In [None]:
from IPython.core.display import Image, SVG

In [None]:
import numpy as np
import matplotlib.pyplot as plt
%matplotlib inline
plt.rcParams["figure.figsize"] = (10,8)

# Neural networks 

As we have learned in the previous notebook  a key ingredient of the supervised learning is finding a mapping that minimizes loss over a given data set. As we cannot generally find a minimum in a set of all functions (and actually we do not want to) we are looking for the minimum in a familly of functions defined by some set of parameters. 

The loss function the becomes the function of those parameters only. 

The neural networks make up such a familly of functions. Those functions are made up by composing together many elementary simple functions. Those  elementary functions are usually called neurons. 

$$f(\mathbf{x})=f(\mathbf{x}|\mathbf{w})$$

# Neuron

A single neuron can have many inputs and only one output.  

In [None]:
from IPython.core.display import SVG

In [None]:
SVG(filename='../figures/perceptron.svg')

There is a number $w_i$, called *weight*, associated with each input. Each input value $x_i$ is multiplied by the weight and the results are added together and Then another  $b$ called 
*bias* is added to the sum:

$$o = \sum_k w_k x_k +b$$

 and the result is used as an argument of an *activation function*.  

$$y = a(o) = a\left(\sum_k w_k x_k + b\right)$$

Together weights, bias and activation function define the behaviour of the neuron. The activation function is chosen once and remains constant. The weights and bias are the parameters that  have to be optimized during learning. 

# Activation functions

The simplest activation function would be the identity, which can be also considered as no activation function

### Identity 

$$a(x)=x$$

However this means that all that the neuron, or a collection of neurons can calculate are just affine functions. This is a much to small family for any practical use. 
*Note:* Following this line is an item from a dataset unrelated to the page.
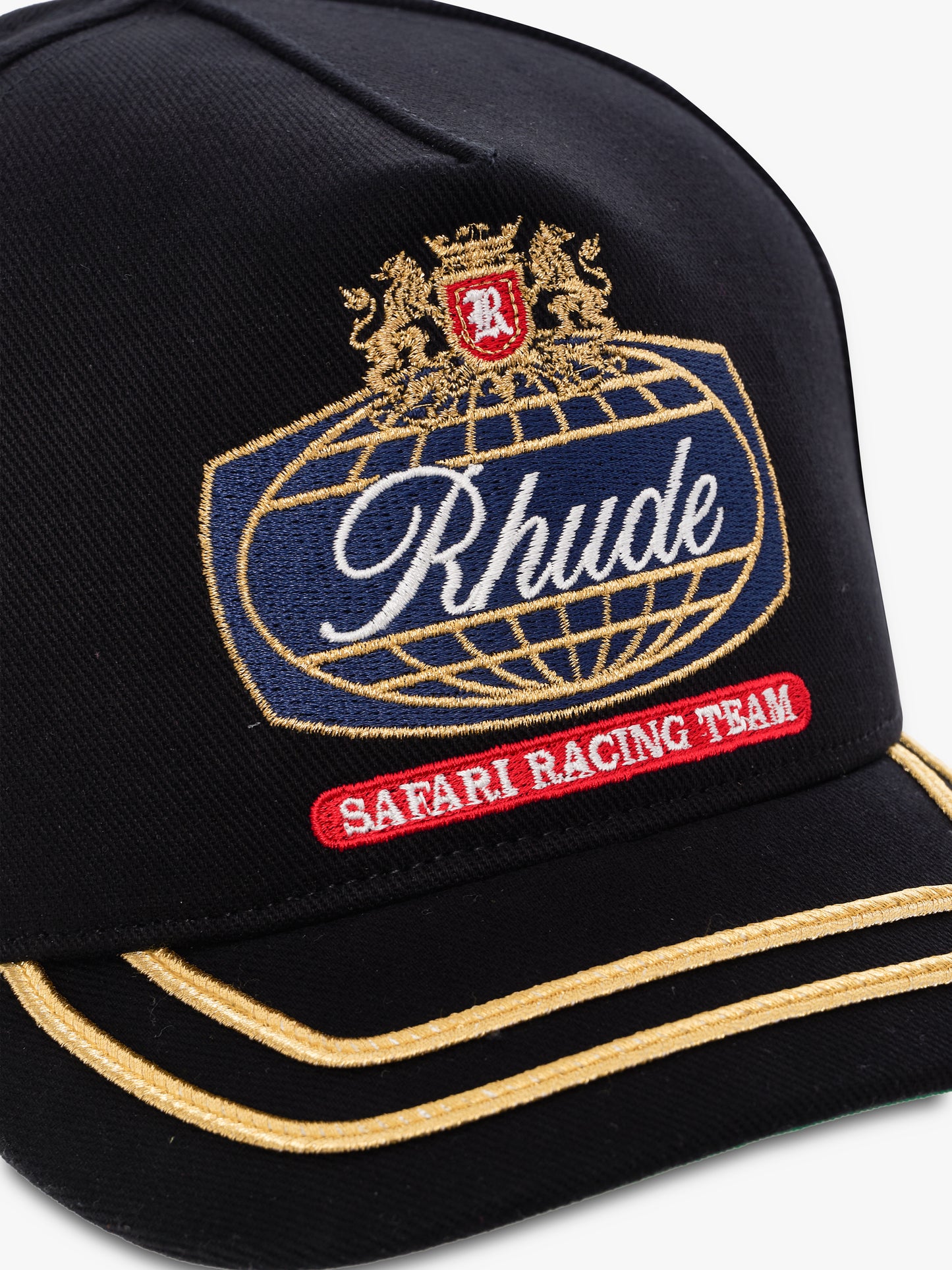RHUDE SAFARI CREST HAT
To be able to represent more complicated functions we need to add some *non-linearity*

### Step function

$$
\Theta(x) = \begin{cases}
0 & x\leq0 \\
1 & x>0
\end{cases}
$$

### Sigmoid

$$s(x) = \frac{1}{1+e^{-x}} = \frac{e^x}{1+e^x}$$

In [None]:
def s(x):
    return 1.0/(1.0+np.exp(-x))

In [None]:
xs = np.linspace(-10,10,100)
plt.plot(xs,s(xs),'-')
plt.grid()

### Softmax

$$y_i = \frac{e^{o_i}}{\sum_i e^{o_i}}$$ 

$$\sum_i y_i = 1$$

### Tanh

$$ \tanh(x) =\frac{e^{x}-e^{-x}}{e^x+e^{-x}}$$

In [None]:
plt.plot(xs,np.tanh(xs),'-');

$$\tanh(x) = 2 s(2 x) -1 $$

### Rectified Linear Unit ( ReLU)

$$
\newcommand{\relu}{\operatorname{relu}}
\relu(x) = \begin{cases}
0 & x<=0 \\
x & x>0
\end{cases}
$$

In [None]:
import torch
relu = torch.nn.ReLU()

In [None]:
plt.plot(xs,relu(torch.from_numpy(xs)).numpy(),'-')
plt.show()

### Hiden layer

In [None]:
SVG(filename='../figures/hidden_layer.svg')
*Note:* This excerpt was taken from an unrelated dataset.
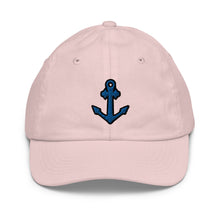 Load image into Gallery viewer, Anchor Youth Baseball Hat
$$h_i = a^{(1)}\left(\sum_{j}w^{(1)}_{ij}x_j + b^{(1)}_i\right)$$

$$h = a^{(1)}\left(w^{(1)}x + b^{(1)}\right)$$

$$y =  a^{(2)}\left(\sum_{j}w^{(2)}_{ij}h_j + b^{(2)}_i\right)$$










$$y =  a^{(2)}\left(w^{(2)}h + b^{(2)}\right)$$

$$ 
y = a^{(2)}\left(
w^{(2)}a^{(1)}\left(w^{(1)}x + b^{(1)}
\right)+b^{(2)}
\right)$$

# Multilayer perceptron

In [None]:
SVG(filename ='../figures/MLP.svg')

In [None]:
import torch.nn as nn
import torch

In [None]:
torch.__version__

In [None]:
net = nn.Sequential(nn.Linear(in_features=1, out_features=128), nn.ReLU(),
                   nn.Linear(in_features=128, out_features=64), nn.ReLU(), 
                   nn.Linear(in_features=64, out_features=32), nn.ReLU(), 
                   nn.Linear(in_features=32, out_features=1))
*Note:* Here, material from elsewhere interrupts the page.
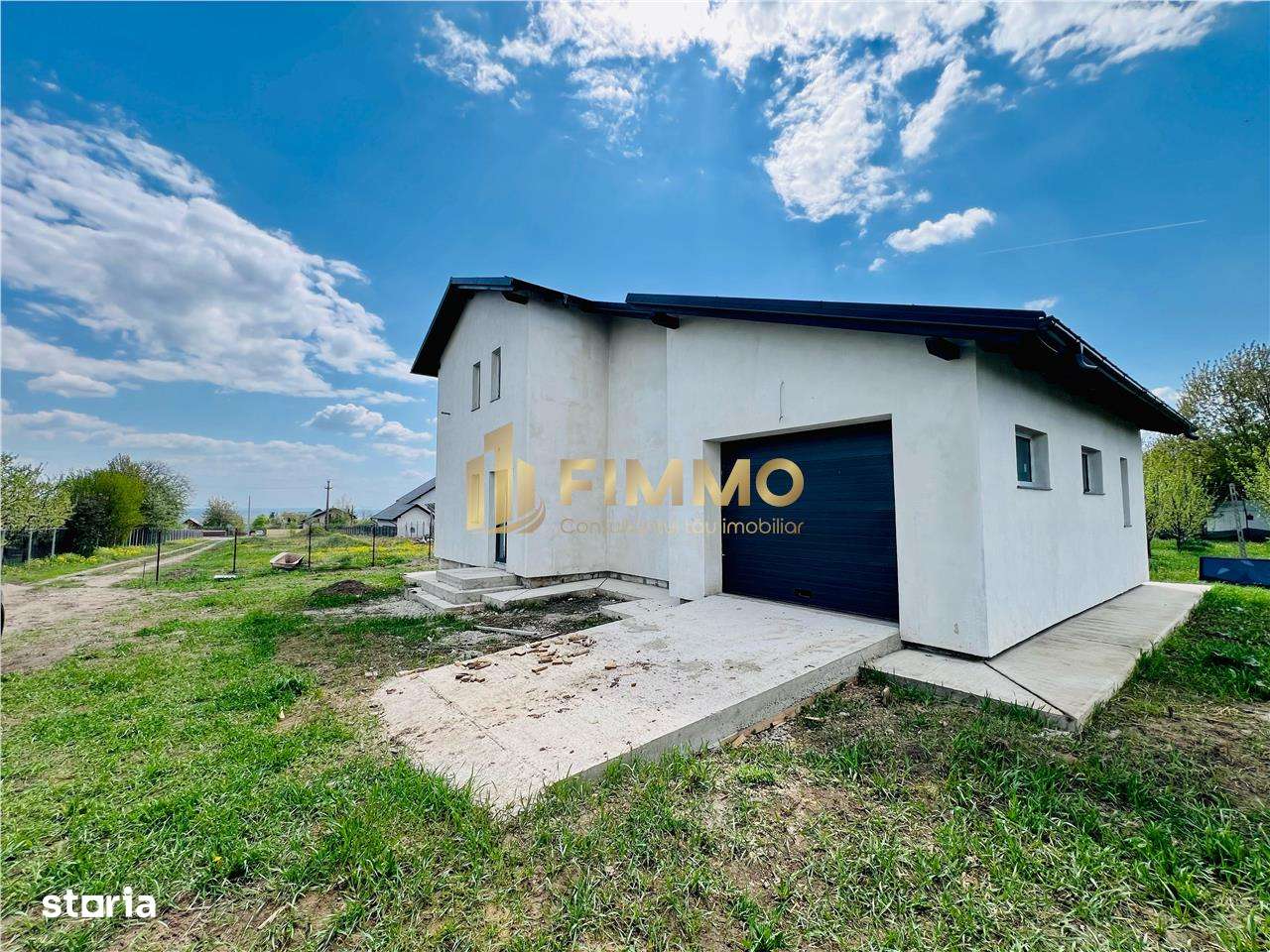 Casa Individuala | 450 mp | Semifinisat | ID:1191 - Imagine principală: 2/17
How many parameters does this network have?

In [None]:
data = np.load("../data/sgd_data.npy").astype('float32')
rxs = data[:50,0]
rys = data[:50,1]
rxs_valid = data[50:75,0]
rys_valid = data[50:75,1]

In [None]:
t_rxs = torch.from_numpy(rxs).view(-1,1)
t_rys = torch.from_numpy(rys).view(-1,1)
t_rxs_valid = torch.from_numpy(rxs_valid).view(-1,1)
t_rys_valid = torch.from_numpy(rys_valid).view(-1,1)

In [None]:
loss_f = nn.MSELoss()

In [None]:
optim = torch.optim.SGD(net.parameters(),lr=0.001)

In [None]:
%%time 
for epoch in range(25000):
    optim.zero_grad()
    pred = net(t_rxs)
    loss = loss_f(pred, t_rys)
    loss.backward()
    with torch.no_grad():
        pred_valid = net(t_rxs_valid)
        loss_valid = loss_f(pred_valid, t_rys_valid)
    optim.step()
print(loss, loss_valid)

In [None]:
xs = np.linspace(-np.pi, np.pi, 200).astype('float32')
t_ys = net(torch.from_numpy(xs).view(-1,1))

In [None]:
plt.scatter(rxs, rys, color='none', edgecolors='black')
plt.scatter(rxs_valid, rys_valid, color='none', edgecolors='red')
plt.plot(xs,t_ys.detach().numpy());